I wished there were a way I could take it all back for him, to protect him from every person who ever hurt him. Instead, I made a vow that he would be safe from fear forever more. Starting now.
He grabbed a spoon from the utensil drawer and turned toward the pot on the stove, going for a taste. I immediately snatched the spoon from his fingers. “Hey!”
He tried to grab it back, but I held it over my head where he couldn’t reach. “I’m sorry, love, but I can’t let you eat that.”
“What? Why not?” He crossed his arms over his chest and huffed.
“Because you might not survive the experience. Best-case scenario, you make yourself sick. Worst case? Death!” I pointed at the noxious fumes coming off it, which I was pretty sure were tinted bile green.

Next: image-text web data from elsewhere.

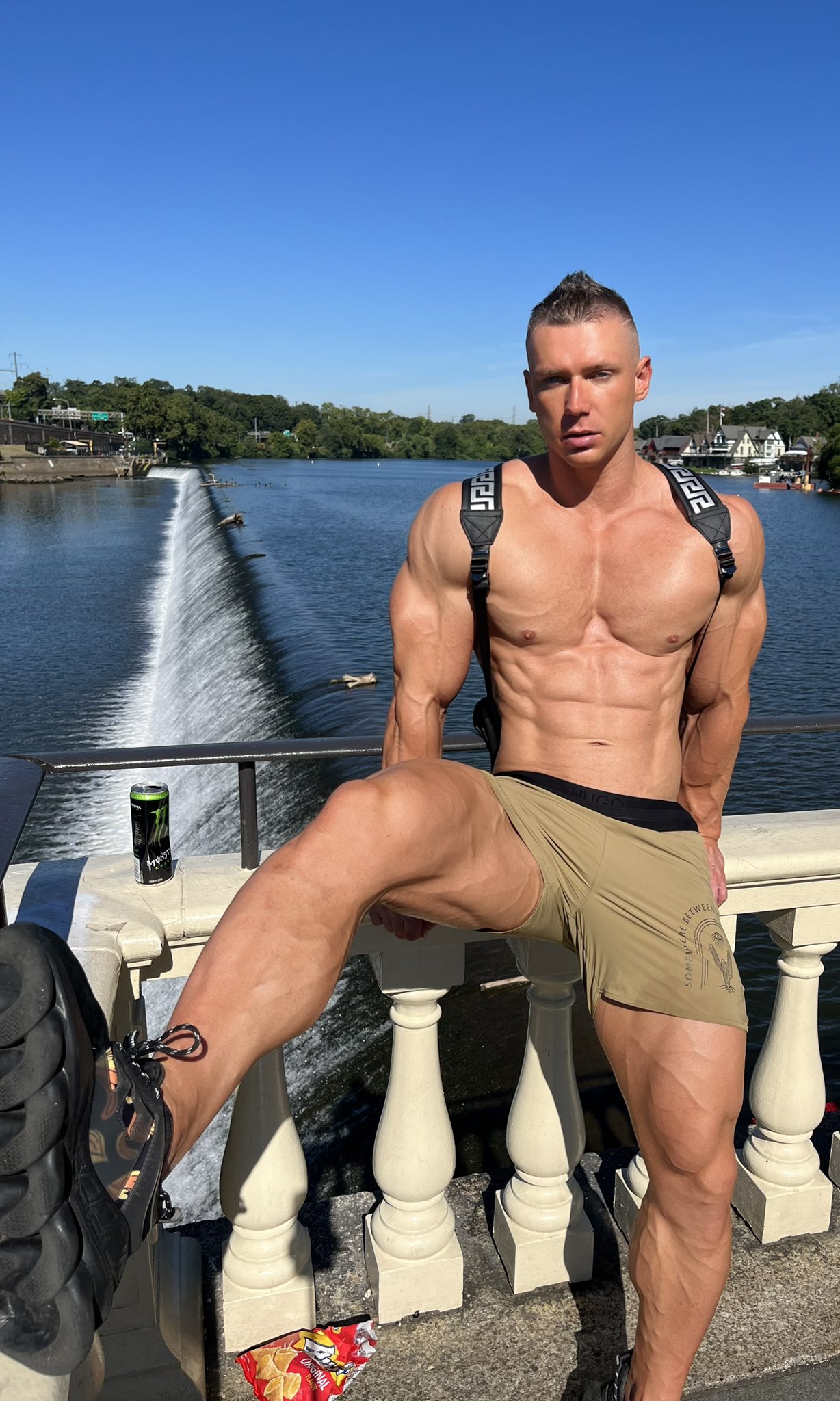 FsUuFlmaQAIKHoF?format=jpg&name=large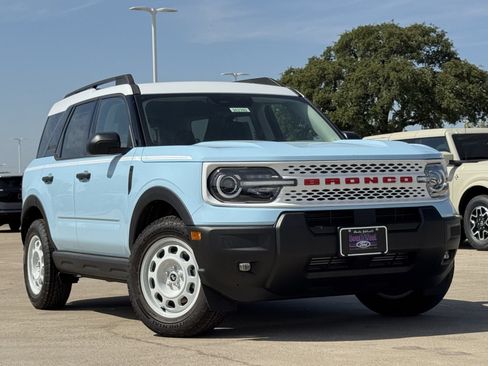 New 2026 Ford Bronco Sport Heritage w/ Convenience Package AWD/4WD image 2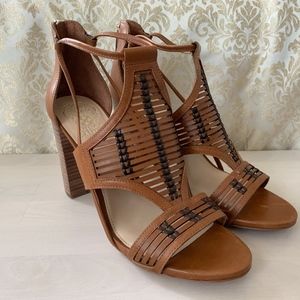 VINCE CAMUTO CEARA SANDAL HEEL PLATFORM SIZE 8.5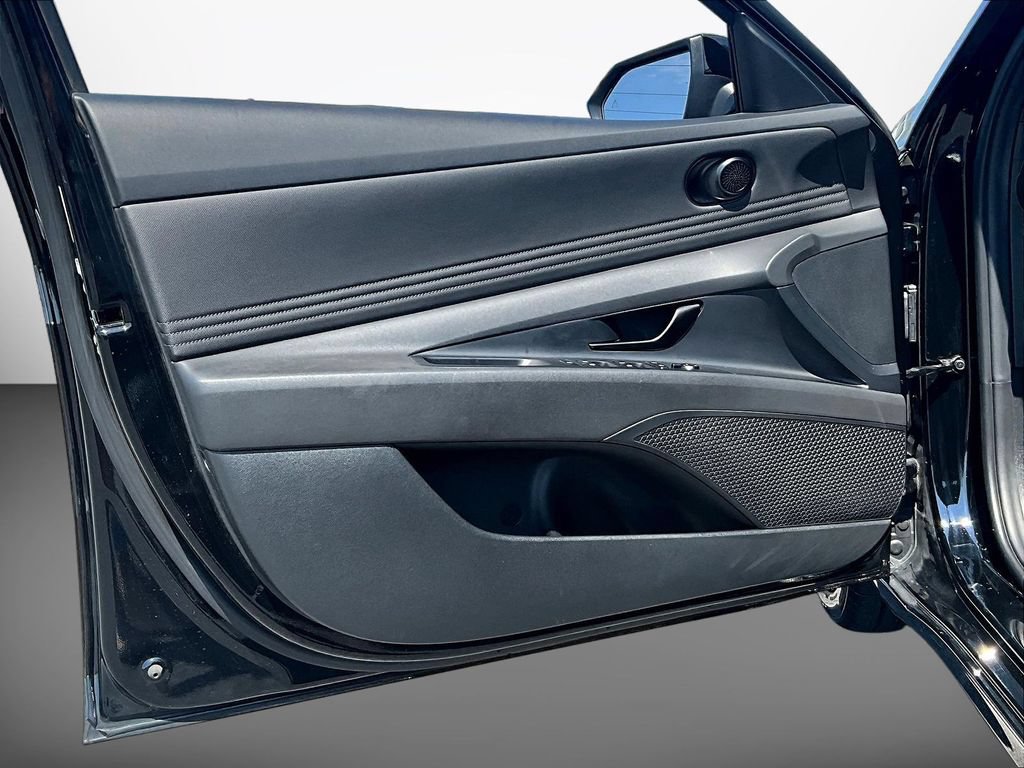 Certified 2025 Hyundai Elantra Sport FWD image 22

His lip stuck out in an adorable pout I wanted to kiss. “It’s not that bad,” he said in defense, but he turned a more critical eye toward the pot where a few cubes of pickle floated between roughly chopped herbs.

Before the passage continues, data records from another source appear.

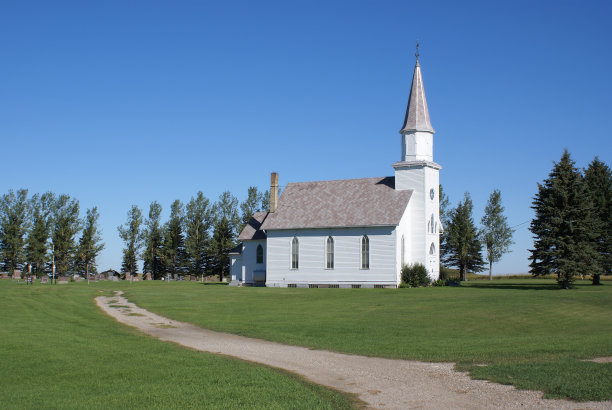 古老的白色教堂在偏远的北达科他州草原设置图片下载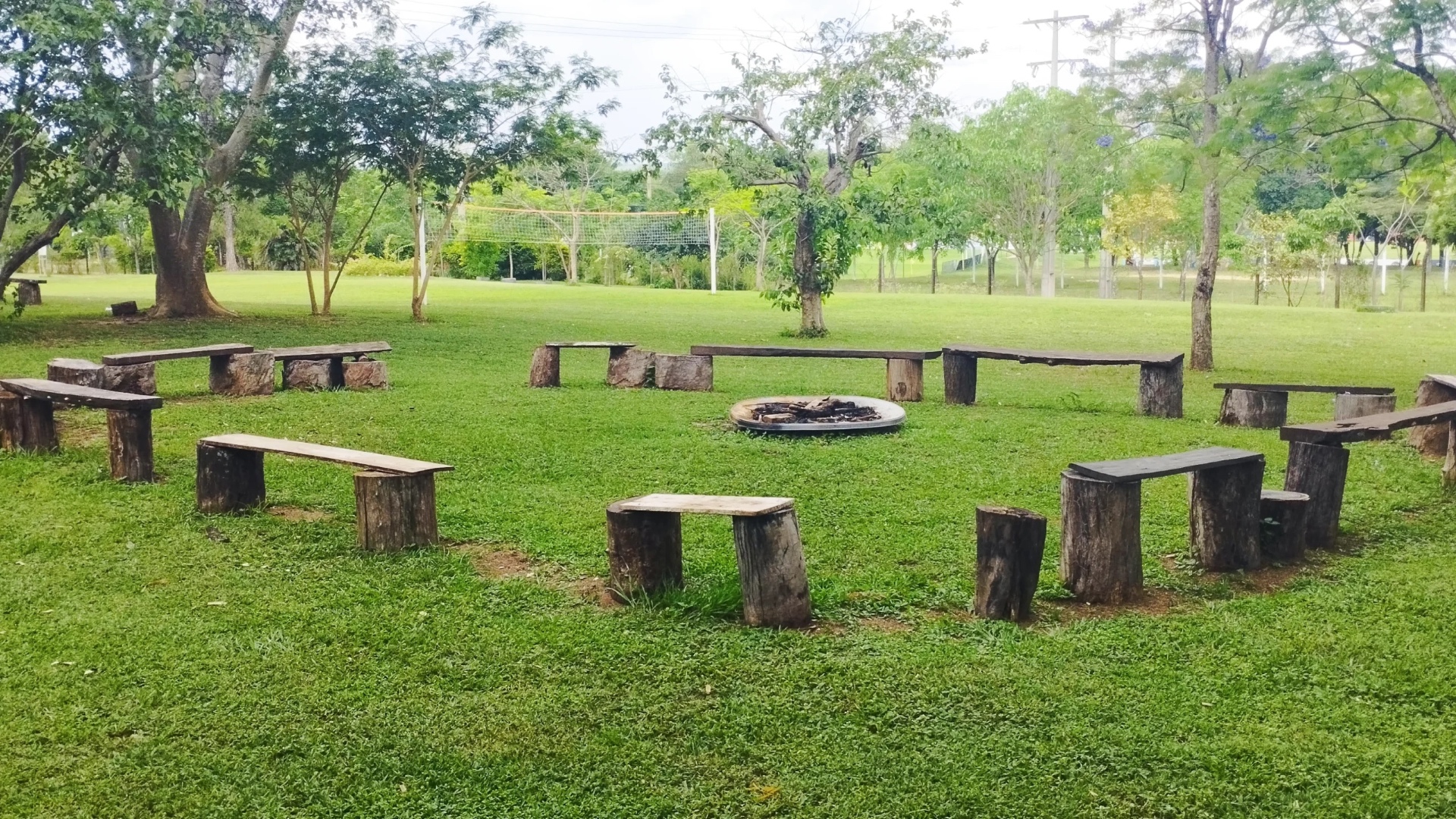 Círculo de bancos de madera alrededor de una fogata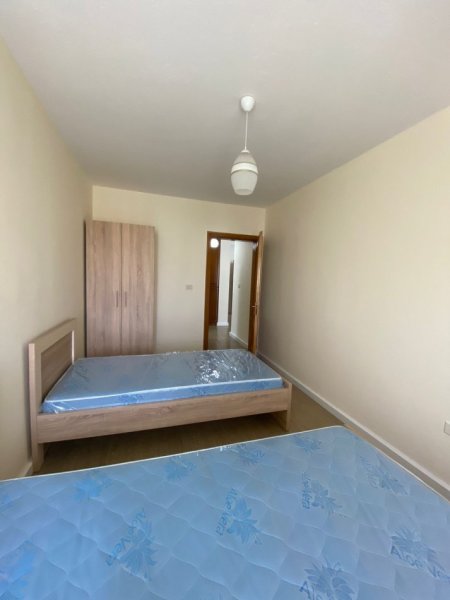 Tirane, jepet me qera apartament 2+1+Ballkon Kati 7, 100 m² 550 € (rruga dritan hoxha)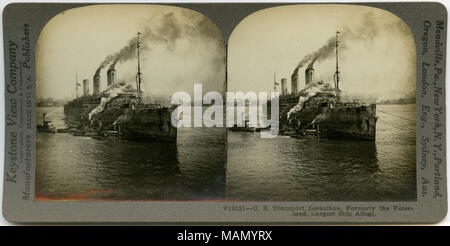Horizontale, Sepia stereocard angezeigt das Transportschiff Leviathan manövriert wird zu einem Pier zum Andocken von Schleppern. Keystone Stereograph Anzahl V 19237. Der Titel lautet: 'U.S. Transport Leviathan, früher das Vaterland, das größte Schiff flott.' Titel: 'U.S. Transport Leviathan größte Schiff flott." zwischen ca. 1914 und ca. 1918. Keystone View Company Stockfoto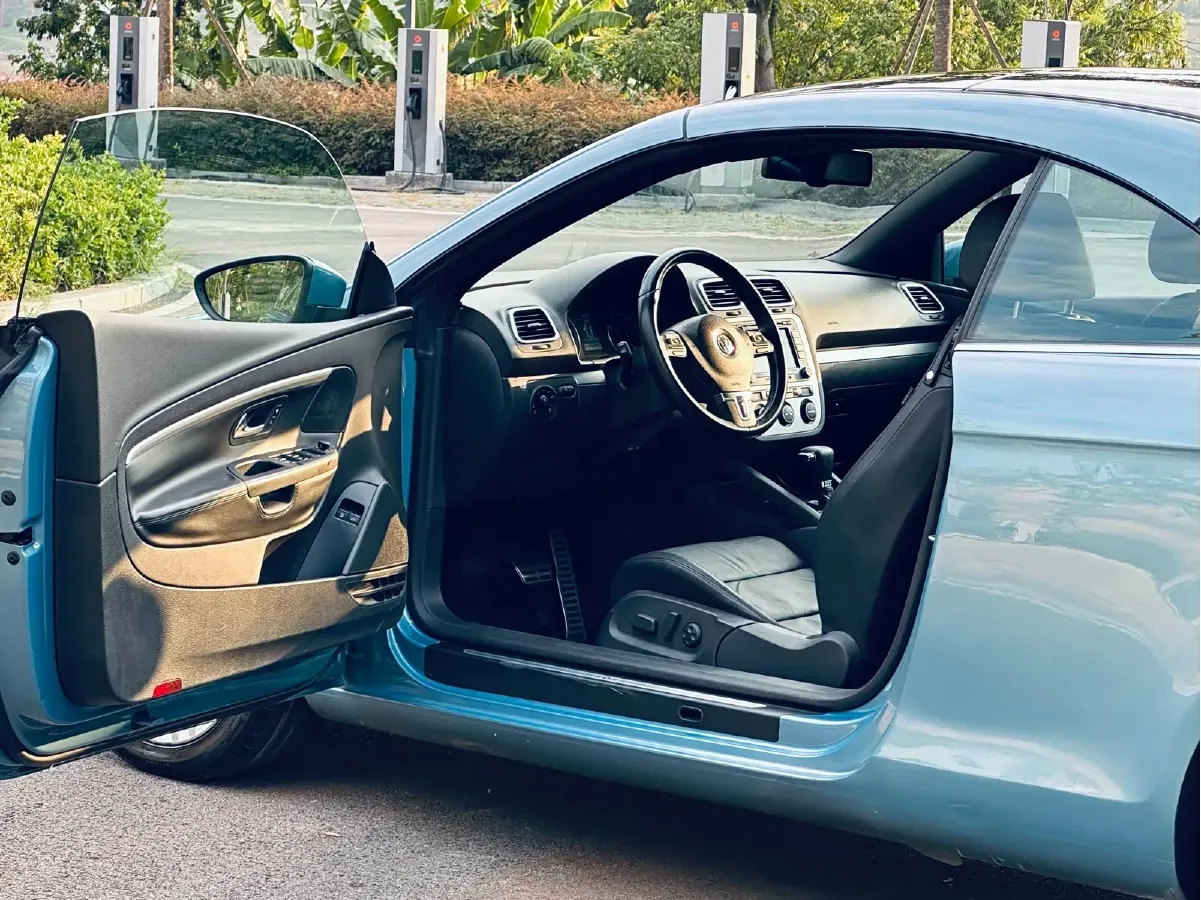 2010 Volkswagen Eos 2.0T 200HP L4 6DCT,autocango,china used car exporter,china ev exporter,chinese used car exporter,chinese used ev exporter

“There is a literal oil slick on top. You can’t even tell me what it is, can you,” I taunted, narrowing my eyes in a dare.

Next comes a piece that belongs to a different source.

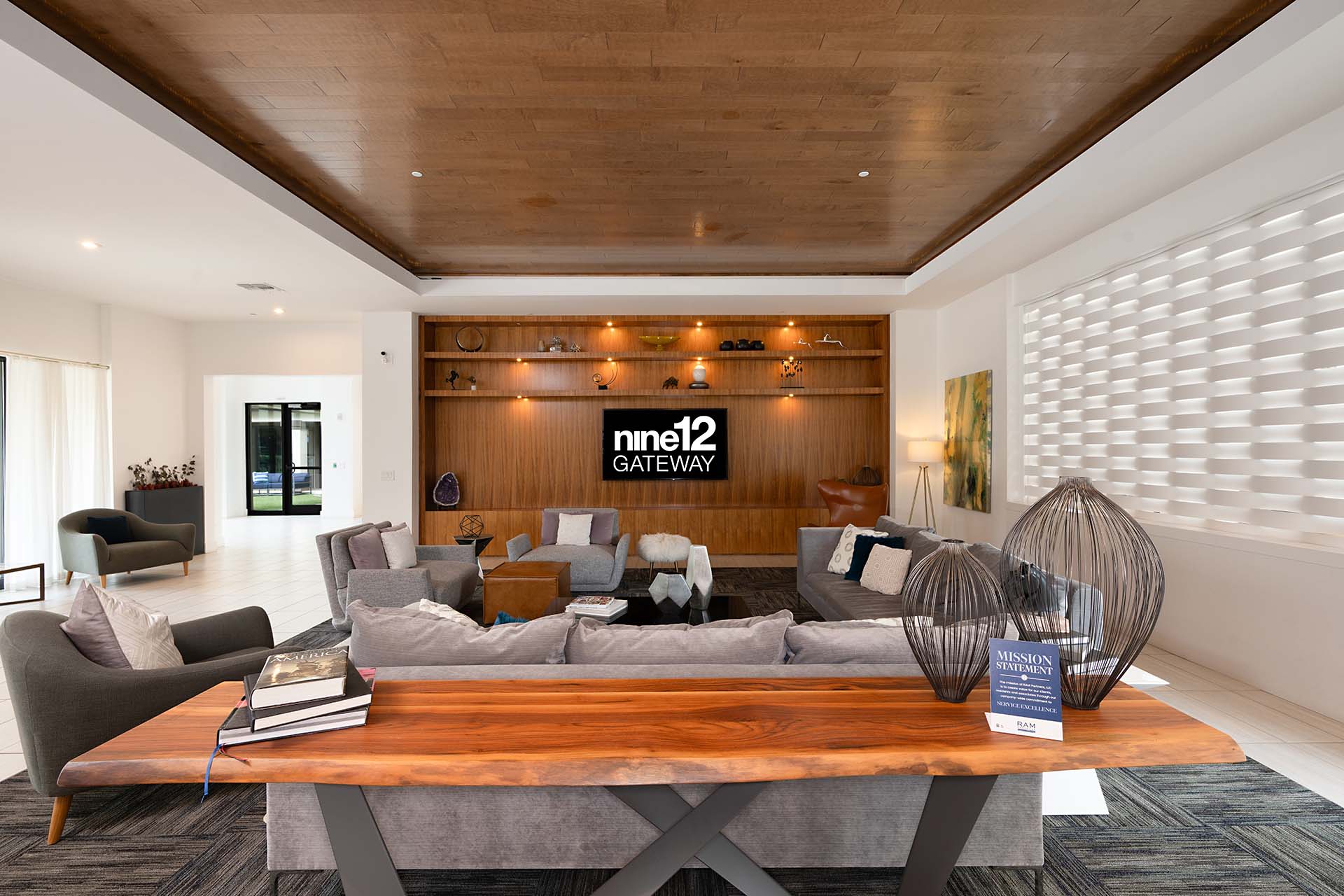 Nine 12 Gateway Apartments – photo 4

“I mean, it’s… it’s a stew, obviously. A pickle, peach, peanut butter, parsley, and pastrami stew.” He winced. “Why do they all start with P?”
“Don’t forget the ginger. That doesn’t start with P,” I supplied, as if that made it any better.
He groaned in misery and slapped his hands over his face, and I pulled him into my arms where he buried into my chest. “What is wrong with me?!” he wailed, his voice muffled.
“There are two possibilities,” I told him matter-of-factly, and he pulled back to look up at me, waiting to see what the options were.
“One, you’re overdue for a purge. This stew of yours has all the main flavors you’re craving: sweet, spicy, sour, bitter, and umami.
It’s like having all the sins in one pot. ”
He nodded slowly, wiping a finger under his eye where a few tears had collected. “Okay, that makes a certain kind of sense. What’s the other option?” he asked with a sniffle.
“That you’re pregnant.”
Uly’s shock took a moment to settle in as he absorbed the words and deciphered their meaning.
“Pregnant? N-No, that’s not… I mean, I guess we’ve been, you know…
and haven’t been, you know… but—” He stammered a few times, until his brain hit factory reset.
“But it’s only been a few weeks!” I didn’t bother quoting the old cliché “it only takes once.” He bit his lip, and I knew what was coming.
“You’re awfully calm about maybe becoming a dad. ”
“I promise, as soon as you give me permission, I’ll be screaming the news from the rooftops.”
His laugh was watery. “Yeah? You’re excited?”
“Cautiously excited,” I clarified, though I suspected it was true; Danu’s amusement made a lot more sense now. “Do you want me to go get you a pregnancy test? And maybe an order of stew from that Hungarian restaurant down the block?” I asked, side-eyeing the pot congealing on the stove.
He let out a sigh of defeat. “Maybe…” he muttered.
The problem was, I could tell it wasn’t what he was truly craving.
Whether it was his inner sin-eater or potential pregnancy that drove his craving, I had a feeling there was only one thing that would satisfy my mate, and a strange tingle of excitement zapped through me at the mere thought. “Or…” I began, “you could purge me.”
I let my words hang in the air between us.
I thought for a moment he would immediately turn me down.
There was something incredibly sacred about what he did for departed souls, after all, and what I was suggesting felt almost perverse.
Instead, though, he said, “You would want that?” He sounded almost curious.